O shopping repassou a informação da liminar aos lojistas por meio de uma circular, no início de fevereiro. No documento, também é dito que a multa é prevista aos participantes dos movimentos que causam tumultos, correrias e algazarras, atos de vandalismo, uso de equipamentos de som em volume excessivo, bem como atitudes que interfiram no funcionamento das atividades. Em nota enviada à Tribuna, foi explicado que o espaço físico e a operação de um shopping não são planejados para receber grandes aglomerações simultâneas, que estejam acima da capacidade de público. “Assim, com o compromisso de garantir a segurança das famílias frequentadoras, lojistas e funcionários, diversas medidas foram adotadas pelo empreendimento, sempre com respeito à integridade física e direito de ir e vir de todos.”
A gerente de uma loja de calçados do shopping, que preferiu não se identificar, disse ter presenciado aglomerações de jovens, seguidas de tumulto e briga, algo que atrapalha o comércio local. “Muitos adolescentes vêm para cá e ficam reunidos na entrada do shopping, atrapalhando a passagem de outras pessoas. O cliente acaba ficando intimidado com a situação toda, e isso prejudica os lojistas.” Outra gerente, que também quis manter o nome em sigilo, contou que não houve nenhum problema dentro de sua loja, mas que a colocação das grades ajudou. Já a vendedora de uma loja de roupas também disse não ter visto nenhuma atitude ilícita ou criminosa. “Como cliente, eu vinha aqui e achava incômodo aqueles adolescentes consumindo álcool e cigarro na porta.
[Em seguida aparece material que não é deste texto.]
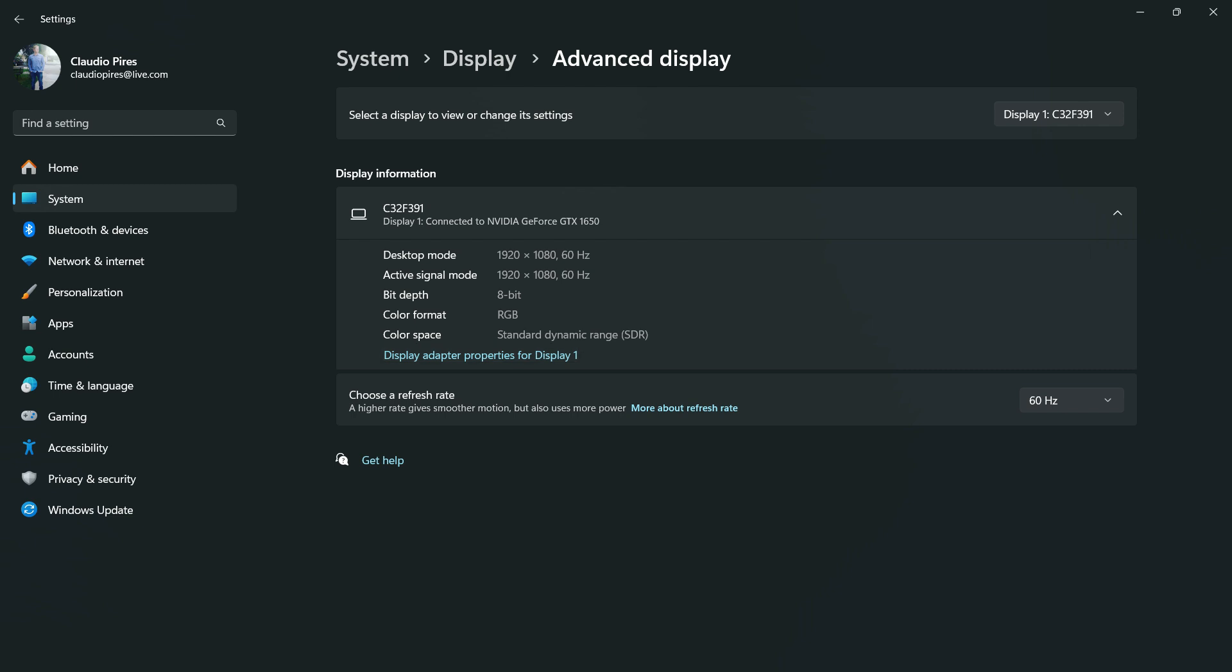And here is a very important part: choose a refresh rate, so the FPS. A higher rate gives more motion but also uses more power.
Creio que esta atitude não deve ser tomada em via pública, mas sim em bares e casas de show. Isso não agrada ninguém. Como funcionária, penso que não podemos impedir o trânsito de nenhuma pessoa no shopping, mas vejo a iniciativa como uma maneira de preservar o local.”
Direitos iguais
Para a advogada da área cível Victória Dias, é importante ponderar o direito privado de proteção ao patrimônio com o direito do consumidor. Segundo ela, apesar de o shopping ser privado, ele é um espaço público aos consumidores e por isso não pode haver nenhum tipo de discriminação ou preconceito com seus frequentadores. “Pode-se impor limites para seu bom funcionamento, como proibir a entrada sem camisa, com capacete ou orientar a entrada por meio de grades. É uma maneira de evitar que as pessoas fiquem na passagem, já que elas não podem transpor o caminho e impedir o direito de ir e vir dos outros. O que não pode haver é o impedimento, através de um guarda por exemplo, da entrada de alguém. Todos têm o direito constitucional de ir e vir e não podem sofrer nenhum tipo de discriminação”, explica.
Ainda segundo a advogada, caso seja comprovado que a aglomeração pode causar algum dano ao patrimônio ou outro problema maior, o shopping precisaria de uma medida judicial para impedir a entrada de seus participantes, a exemplo do que foi feito no shopping Iguatemi, em São Paulo. “Lá a entrada dos adolescentes só foi permitida com a presença dos pais.” O Independência informou, inclusive, que esta é outra iniciativa que está sendo buscada, junto ao Poder Judiciário. Tais requerimentos não foram atendidos até o momento.